That advice can be applied to life in general. It always saddens me when I see youngsters do well in music or movies or business when they rise, then fall real, real bad. (With some never rising again.) I've met many a bitter writer who pursued the "dream" but to get wealthy, not just published.

"But you have a novel getting published?"

"So what?" they reply. "I can't live on that advance."

"What are you going to do now?"

"I don't know. Hmmm. Do you know any REAL jobs?"



Now that I am 41, and my brain has recently sprouted the notion that I ought to write books, I look back to my early years of pursuing writing and poetry, and I wonder whether I could have had a few novels under my belt now. Who knows?

But it doesn't matter because, as you note, it is "rewiring the brain" and "educating yourself" that are my motivation - not making money from writing. This is particularly so, since my regular job is more than capable at addressing that part of life's equation...

Erik Buchanan

I'm 37. I started writing books in grade 3 (however old I was then). My first published novel is coming out next year.

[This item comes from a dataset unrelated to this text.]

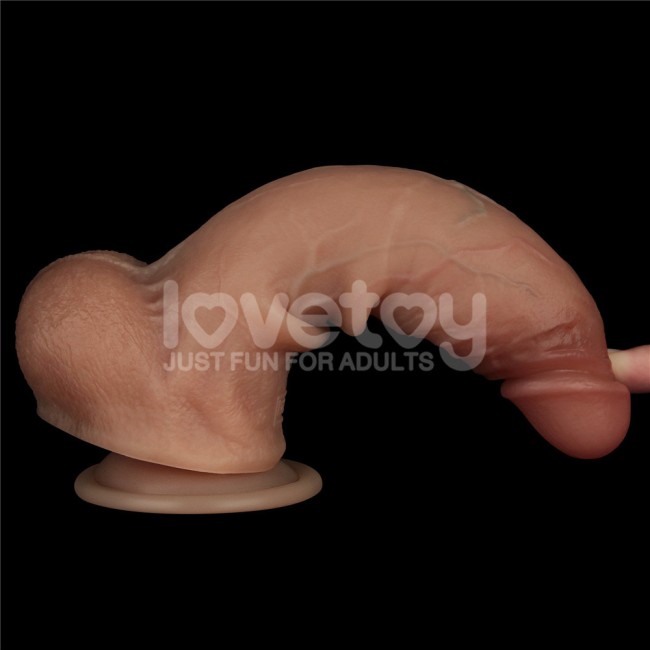 Реалистичный фаллоимитатор с двойной плотностью «8.5'' Sliding Skin Pro Dual Layer Silicone Dong» от «Lovetoy» (14,7 см)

I like to think that the years have added a wisdom and depth to my writing that wasn't there before.

Of course, I might just have finally improved my grammer to the point where a publisher could actually read what I've written, but my ego and I are going to go with the first explanation ;).

Christopher Willard

Arts and sciences differ. The mathematical in art and science has seen many child prodigies -- and music would be included in that, sequences and memorization play a big role. (see Twyla Tharp's new book regarding her views on Mozart being to a large degree a product of his environment.) On the other hand, the less "solveable" arts (for lack of a better word) and by this I mean novel writing, poetry, painting, have never seen a real child prodigy. Yes there are those who published young, or painted a somewhat realistic picture at a young age, but their works lacked depth and meaning, in other words, they were not very good pieces of art. I've never yet been able to find an exception. The person most mentioned is Picasso, who painted a realistic picture many artists would die for at age 17, however these promoters of the artist forget his father was a painter and that picasso worked daily from an every earlier age learning to paint. And when the dust clears, that early painting still looks like a student work. Same with publishing. So take this as a hopeful sign, keep working and realize that mastery of an art takes years.


It takes time to learn and grow....


I've been writing for almost ten years.. I was in a rush to get published a few years back, feeling like I just HAD to be earning money already, and that was the quickest way to do it, especially while I was about 13-14 years old and there was nowhere at that age to get a real job. My stories weren't that great, but I think I've gotten better and I think the story I'm working on right now will someday be (finished, ha ha) publishable.

But I cooled down, now I'm 19 and getting ready to self-publish a book of poetry I've written in the past six years. So it may not earn me a lot of money, there'll be no major recognition, but it'll be out there, and at least five people will have bought a copy to make me feel better.

I also worked at a library, so I'm going to convince my old boss to buy a copy or two when the fiscal year rolls around. Then my high school English teachers can be proud, even if no one really read through and OK'd my work for publishing except myself.